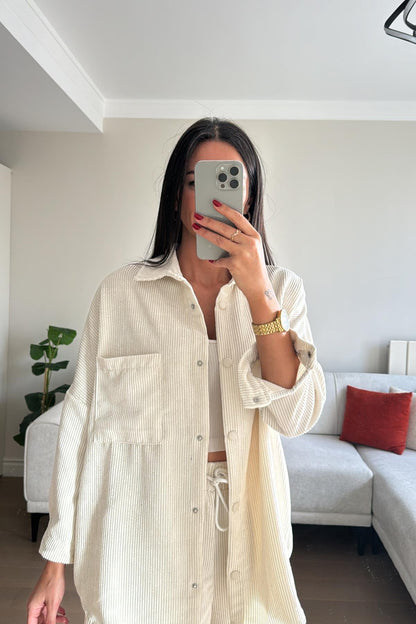 Casual velvet set (shirt + pants) T61 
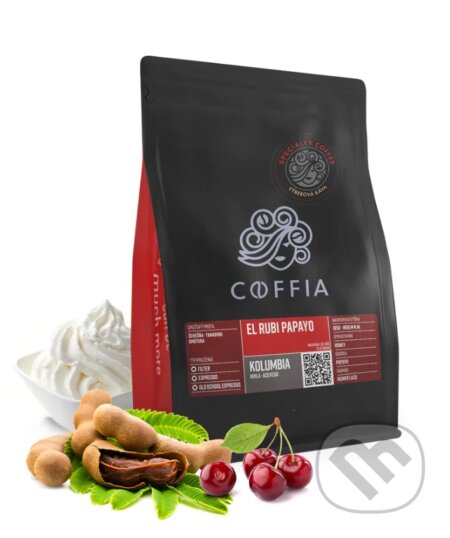 Kávy a čaje: El Rubi Papayo (COFFIA). COFFIA Kávy a čaje: El Rubi Papayo (COFFIA). COFFIA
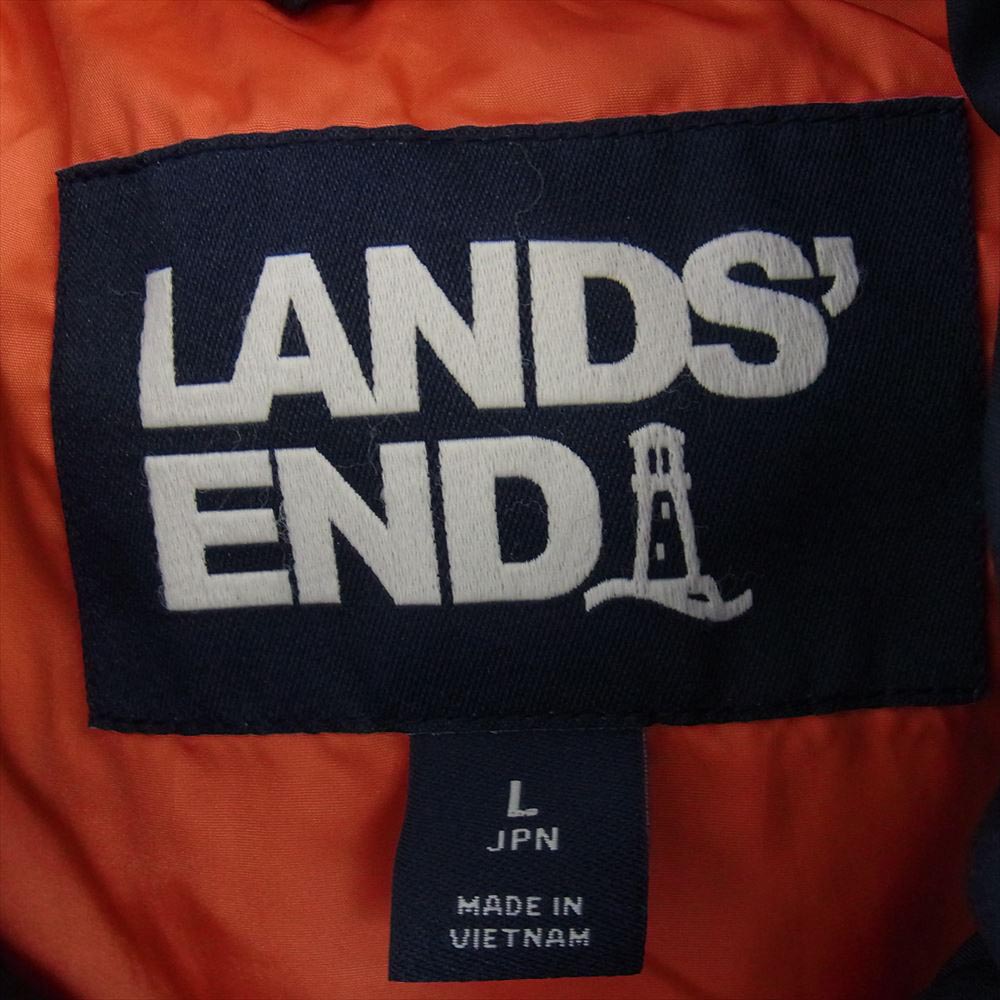 ランズエンド ダウン ダッフル ジャケット コート ダークネイビー系 L【中古】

◆ THE TASK: Please write out every line of the listing above exactly, and leave the images behind.

◆ ANSWER FOR THE TASK:
 Casual velvet set (shirt + pants) T61 
 Kávy a čaje: El Rubi Papayo (COFFIA). COFFIA Kávy a čaje: El Rubi Papayo (COFFIA). COFFIA
 ランズエンド ダウン ダッフル ジャケット コート ダークネイビー系 L【中古】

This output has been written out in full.